Renault uses EV batteries to charge EVs at highway rest stops
Back in June, Renault partnered with UK company Powervault to reuse batteries from electric vehicles in energy storage systems for the home. Now the automotive group has announced the installation of chargers at highway rest stops in Europe that also put second-life EV batteries to work, this time charging other EVs.
In what's being billed as a global first, the Renault Group has partnered with UK-based Connected Energy to install two quick-charge stations at rest areas on highways in Belgium and Germany. The stations both make use of the E-STOR energy storage system, where second-life batteries from Renault EVs are recharged at low power and the energy released to fast charge an electric car when it's plugged in.

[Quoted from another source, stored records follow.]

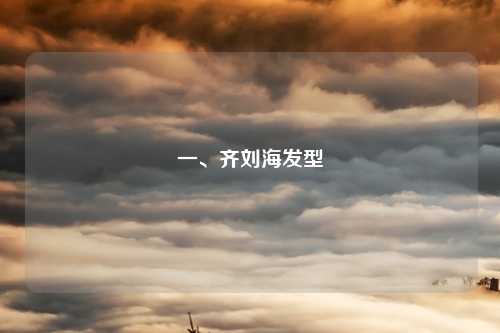 一、齐刘海发型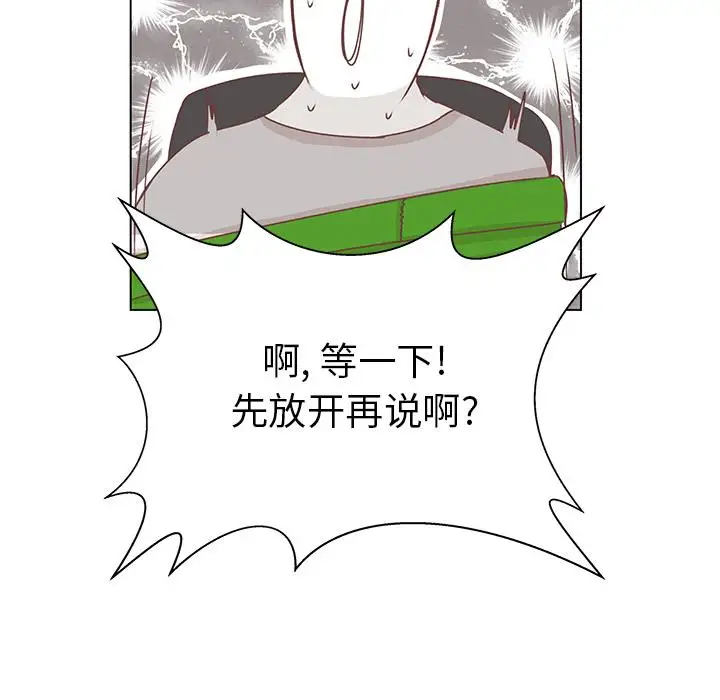 学长好讨厌第14话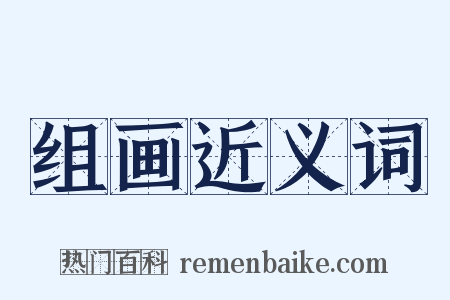 组画近义词是什么意思的图片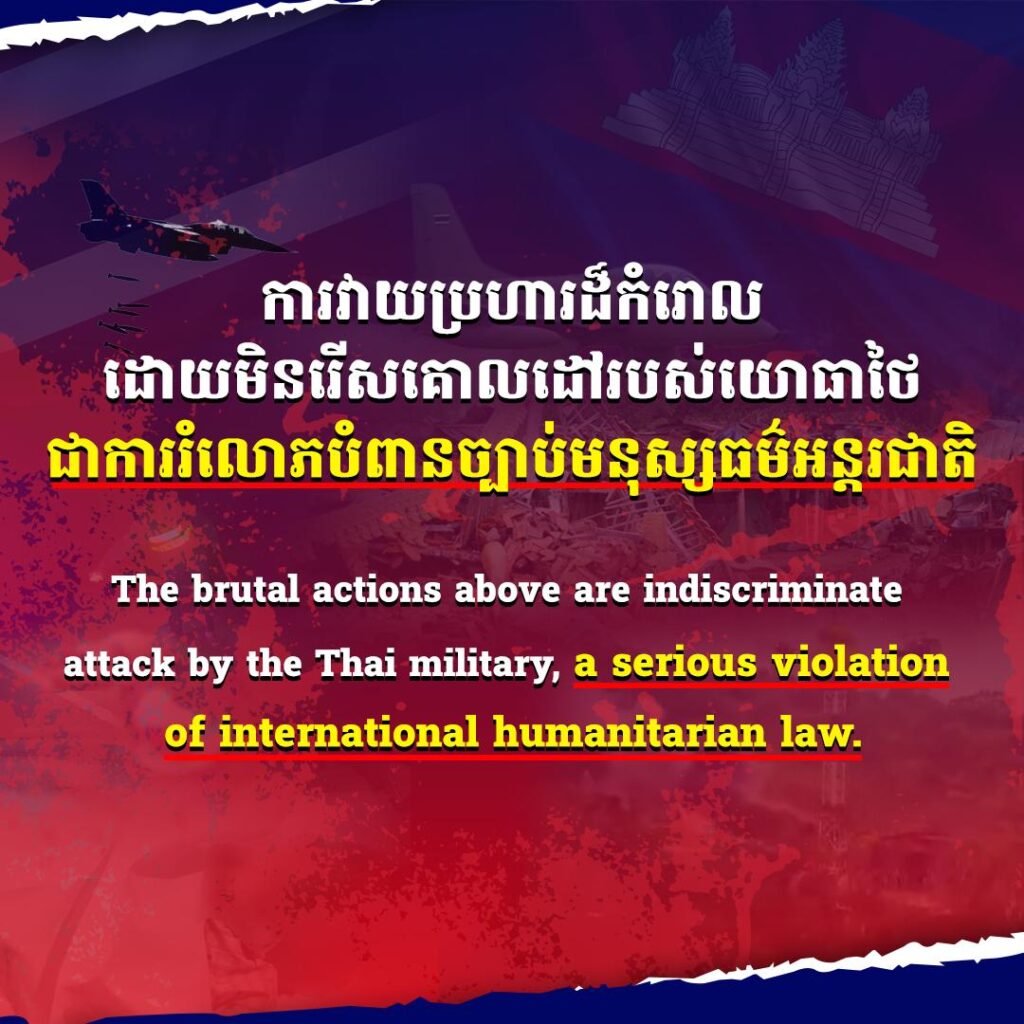 ការវាយប្រហារដ៏កំរោល ដោយមិនរើសគោលដៅរបស់យោធាថៃ ជាការរំលោភបំពានច្បាប់មនុស្សធម៌អន្តរជាតិ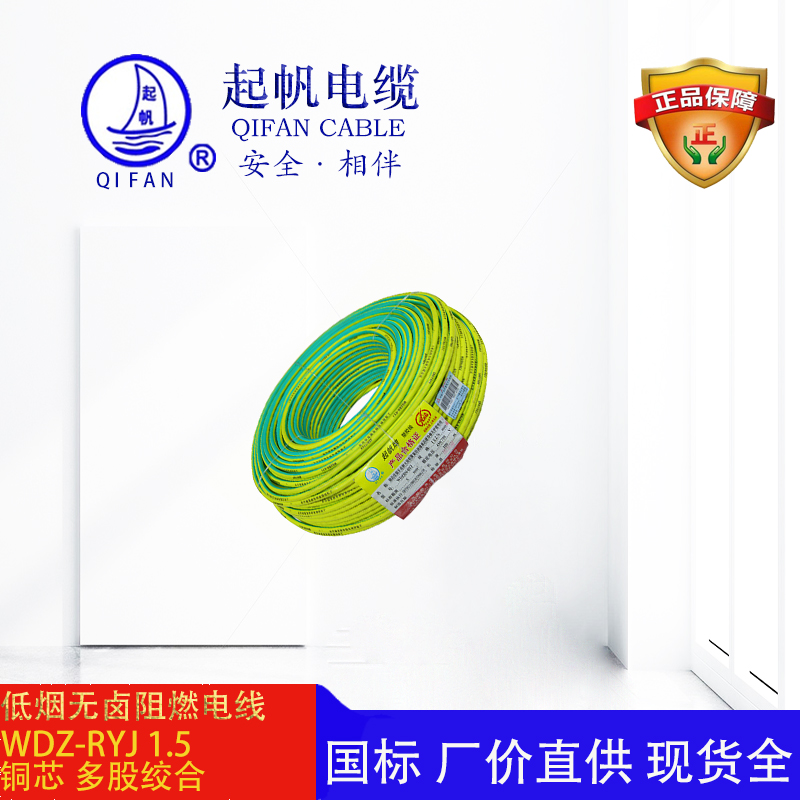 起帆電纜-低煙無鹵電線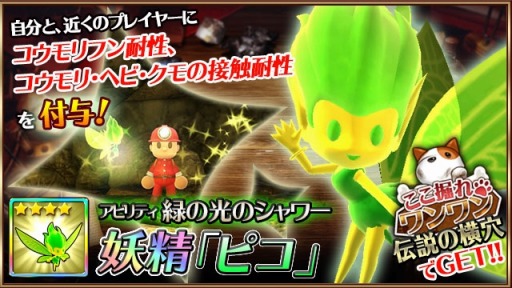 画像ギャラリー No.002のサムネイル画像 / 「みんなでスペランカーZ」新要素「ワールド4:火山洞窟」と「タイムアタックWGP」を追加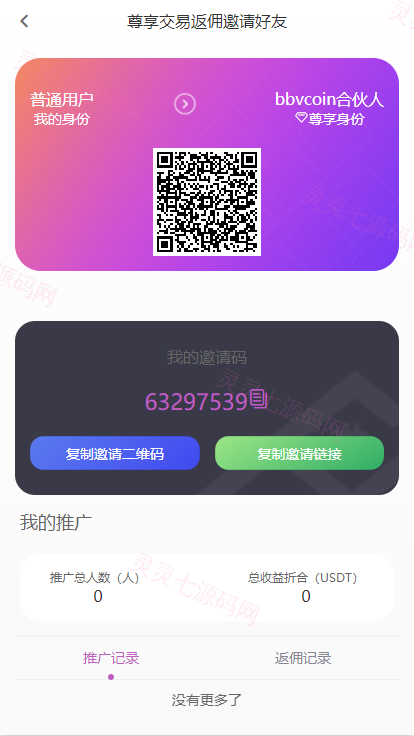 二开版海外交易所系统/区块链交易所/质押挖矿/15国语言 - 11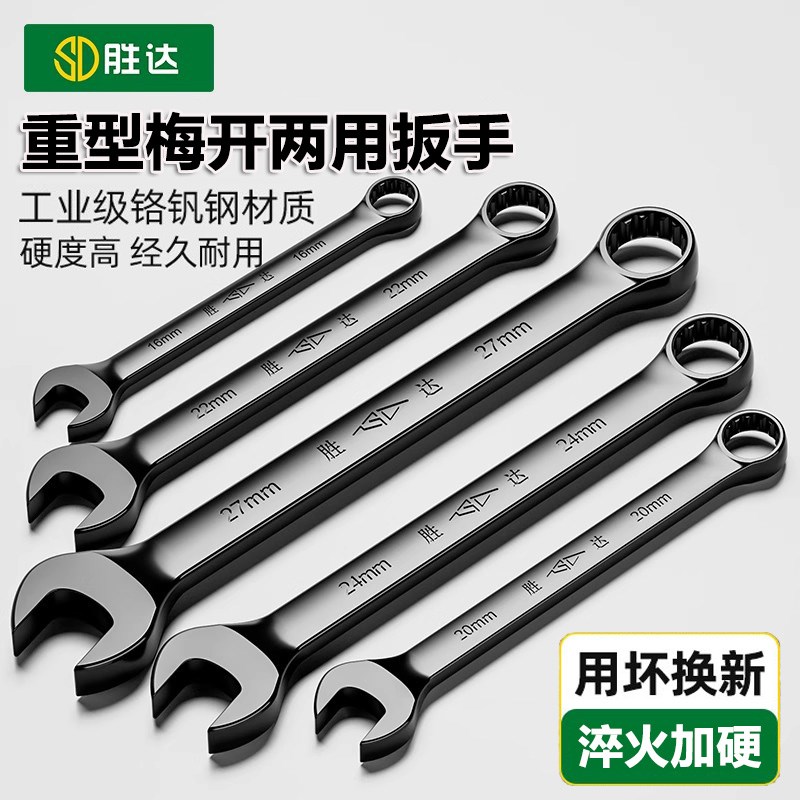 开口梅花两用扳手套装10mm13号呆梅开两用加长扳手T17板子工具大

"Groupe Renault is supporting the development of charging infrastructures to simplify the daily life of electric vehicle drivers," said the company's Nicolas Schottey. "Using our second-life batteries in fast EV charger contributes to progress by providing charging station operators with economical solutions. Moreover, it is a perfect example of circular economy implementation."
Renault says that EV batteries generally have a service life of between eight and 10 years, but even then they will still have enough capacity for use in stationary applications like the Powervault and the quick-charge stations before needing to be recycled. The E-STOR system also makes it possible to roll out quick-charge stations in locations where the high cost of connecting to a high power grid might prove prohibitive.
Connected Energy's E-STOR technology can be connected to PV installations or micro wind turbines on industrial and commercial sites, too, meaning businesses can store and use energy instead of exporting it to the grid. The company is currently in talks with other partners to roll out the technology across the UK and Europe in the coming months.